To figure out what the cancer cells were using the iron for, Konstorum analyzed data from four different publicly available datasets. Two of them contained cells from advanced ovarian cancers and their immediate environment in the body; a third dataset contained both normal and cancerous tissue from ovarian cancer patients but not the cancers’ environment; and a fourth contained just stem cells from ovarian cancers and normal tissue. The researchers hoped that, because each dataset contained slightly different information, finding the same pattern in all of them would be significant. And indeed, one unusual pattern appeared in all four of Konstorum’s analyses. Altered iron uptake seemed to be connected to increased fatty acid production. Fatty acid production tends to be increased in cancer cells, and the researchers thought the connection to iron could be significant.

“Iron may be playing a critical role in increased fatty acid synthesis in cancer. No one knew that before,” Konstorum says. Fatty acids are essential building blocks for cell walls and for the messages cells send each other. Prostaglandins, for example, are messenger molecules that alert other cells and cause inflammation. Inflammation is also associated with cancer. Prostaglandins are made from arachidonic acid, one of the fatty acids whose metabolism that Konstorum’s analysis connected to iron levels.

“When you read about cancer, it’s almost always about genetics. But it’s only recently that people have begun to think about metabolism; what cells do, instead of how they’re made,” says Laubenbacher.

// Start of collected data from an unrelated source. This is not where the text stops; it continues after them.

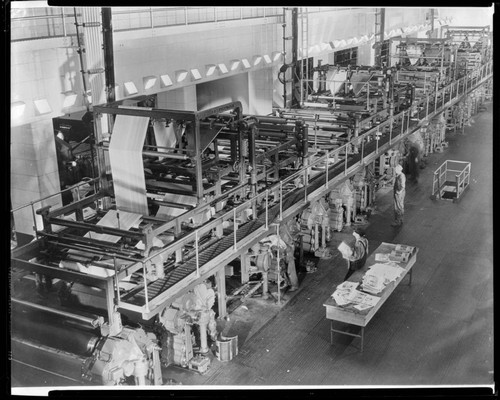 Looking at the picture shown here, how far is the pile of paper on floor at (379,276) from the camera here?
428 inches

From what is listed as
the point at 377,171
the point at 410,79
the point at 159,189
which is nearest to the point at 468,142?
the point at 410,79

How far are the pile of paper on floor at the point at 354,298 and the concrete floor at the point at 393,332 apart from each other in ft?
2.57

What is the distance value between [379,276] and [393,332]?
0.99 meters

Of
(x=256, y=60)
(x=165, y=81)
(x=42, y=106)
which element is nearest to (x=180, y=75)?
(x=165, y=81)

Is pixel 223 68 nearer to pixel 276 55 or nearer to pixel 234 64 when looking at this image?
pixel 234 64

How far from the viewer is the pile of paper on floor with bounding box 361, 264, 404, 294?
35.7ft

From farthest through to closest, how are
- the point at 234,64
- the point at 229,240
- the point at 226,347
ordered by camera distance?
the point at 234,64
the point at 229,240
the point at 226,347

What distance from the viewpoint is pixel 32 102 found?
11.4 meters

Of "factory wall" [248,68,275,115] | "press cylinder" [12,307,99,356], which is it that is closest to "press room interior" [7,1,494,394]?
"press cylinder" [12,307,99,356]

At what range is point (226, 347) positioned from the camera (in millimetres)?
10188

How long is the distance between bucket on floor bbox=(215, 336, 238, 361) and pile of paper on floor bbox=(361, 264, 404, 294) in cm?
245

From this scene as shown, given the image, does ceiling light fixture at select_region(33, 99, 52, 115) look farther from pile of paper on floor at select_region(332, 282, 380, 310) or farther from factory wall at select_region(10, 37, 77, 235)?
pile of paper on floor at select_region(332, 282, 380, 310)

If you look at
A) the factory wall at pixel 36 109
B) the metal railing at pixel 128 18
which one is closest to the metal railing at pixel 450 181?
the metal railing at pixel 128 18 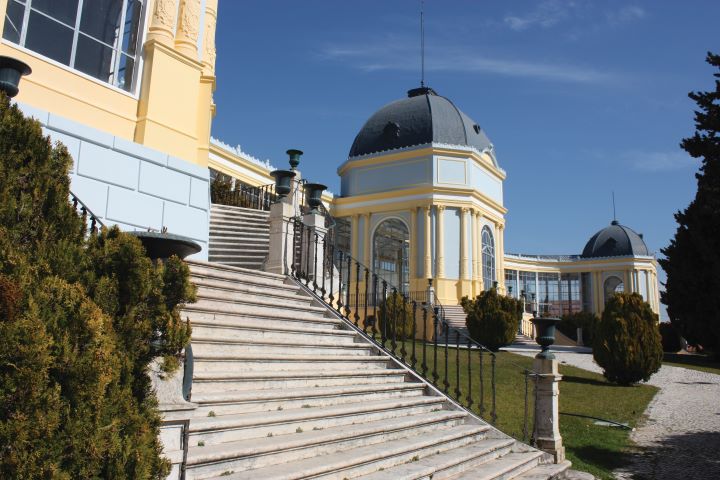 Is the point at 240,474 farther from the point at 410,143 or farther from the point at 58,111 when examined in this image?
the point at 410,143

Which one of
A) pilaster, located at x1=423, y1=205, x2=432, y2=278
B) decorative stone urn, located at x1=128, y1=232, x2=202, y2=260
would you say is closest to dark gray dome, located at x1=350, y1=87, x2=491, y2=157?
pilaster, located at x1=423, y1=205, x2=432, y2=278

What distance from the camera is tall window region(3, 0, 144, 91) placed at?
8750 millimetres

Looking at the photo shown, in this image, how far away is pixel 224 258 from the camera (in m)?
A: 12.7

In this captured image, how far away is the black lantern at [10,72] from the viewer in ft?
17.7

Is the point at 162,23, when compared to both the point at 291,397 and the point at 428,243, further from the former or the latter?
the point at 428,243

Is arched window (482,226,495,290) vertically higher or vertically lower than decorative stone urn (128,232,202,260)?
higher

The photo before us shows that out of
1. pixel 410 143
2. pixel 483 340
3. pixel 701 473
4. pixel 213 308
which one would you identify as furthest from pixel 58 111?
pixel 410 143

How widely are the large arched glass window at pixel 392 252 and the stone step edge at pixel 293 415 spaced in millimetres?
24687

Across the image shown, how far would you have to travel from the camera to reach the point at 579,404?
11.8m

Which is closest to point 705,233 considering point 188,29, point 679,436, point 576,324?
point 679,436

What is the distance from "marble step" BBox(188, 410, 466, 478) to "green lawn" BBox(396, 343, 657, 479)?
2175mm

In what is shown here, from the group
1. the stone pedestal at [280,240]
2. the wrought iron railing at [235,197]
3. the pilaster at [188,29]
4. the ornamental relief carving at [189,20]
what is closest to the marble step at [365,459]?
the stone pedestal at [280,240]

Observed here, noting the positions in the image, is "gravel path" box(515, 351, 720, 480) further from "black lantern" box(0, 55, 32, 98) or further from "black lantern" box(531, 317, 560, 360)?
"black lantern" box(0, 55, 32, 98)

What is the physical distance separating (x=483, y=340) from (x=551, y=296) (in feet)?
107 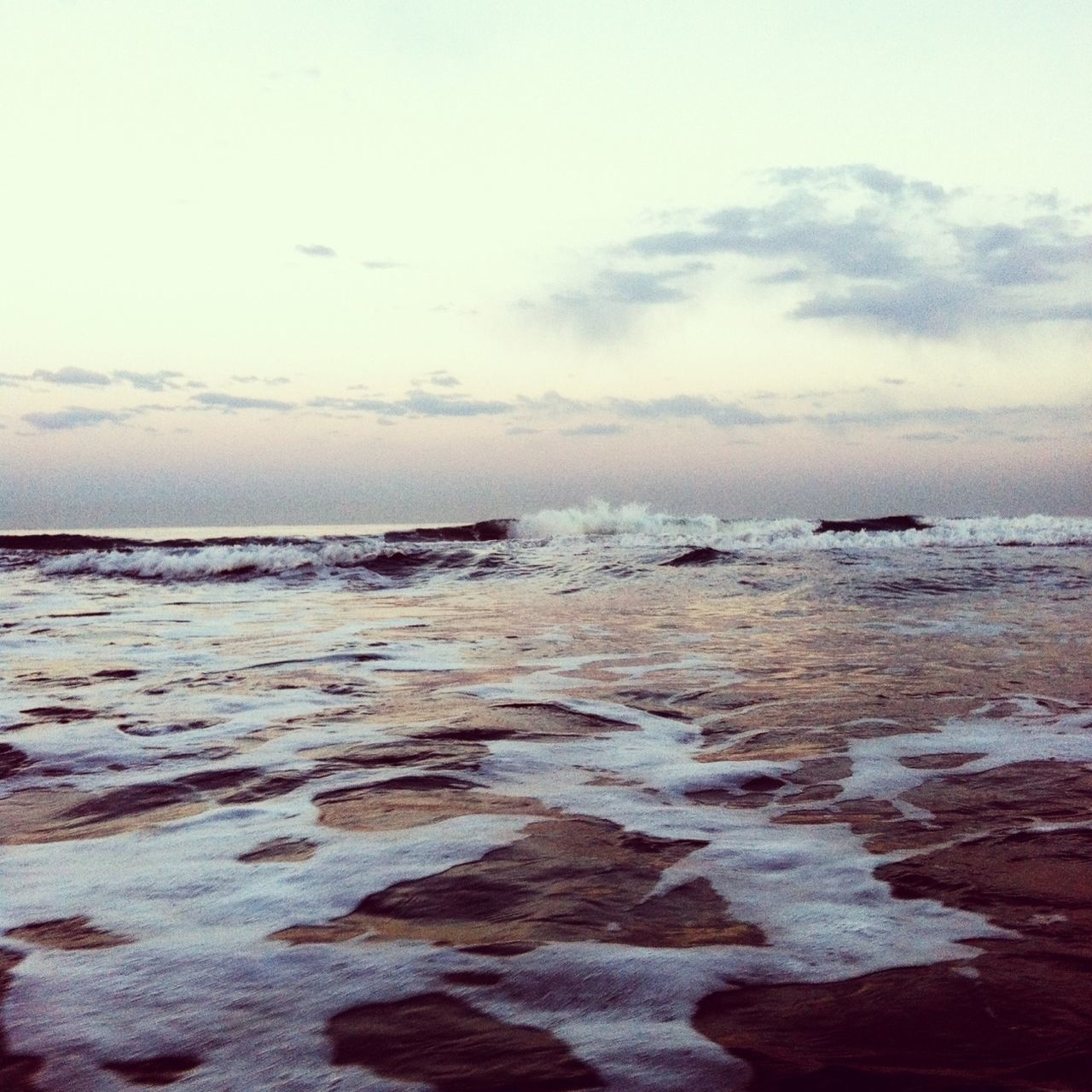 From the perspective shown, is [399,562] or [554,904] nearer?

Konstorum, Laubenbacher, and their colleagues found three major pathways connecting increased iron to increased fatty acids. The first encourages cells to import more fatty acids. The second affects iron-binding enzymes that can build other molecules from fatty acid building blocks. The third also affects iron-binding enzymes, in this case the enzymes that control the levels of mono- and poly-unsaturated fatty acids in the cell.

The researchers are currently working with UConn Health’s Torti lab to test whether the connections they identified in the data affect living cancer cells.

This work was supported by the National Cancer Institute of the National Institutes of Health (F32CA214030, R01CA188025, and R01CA171101).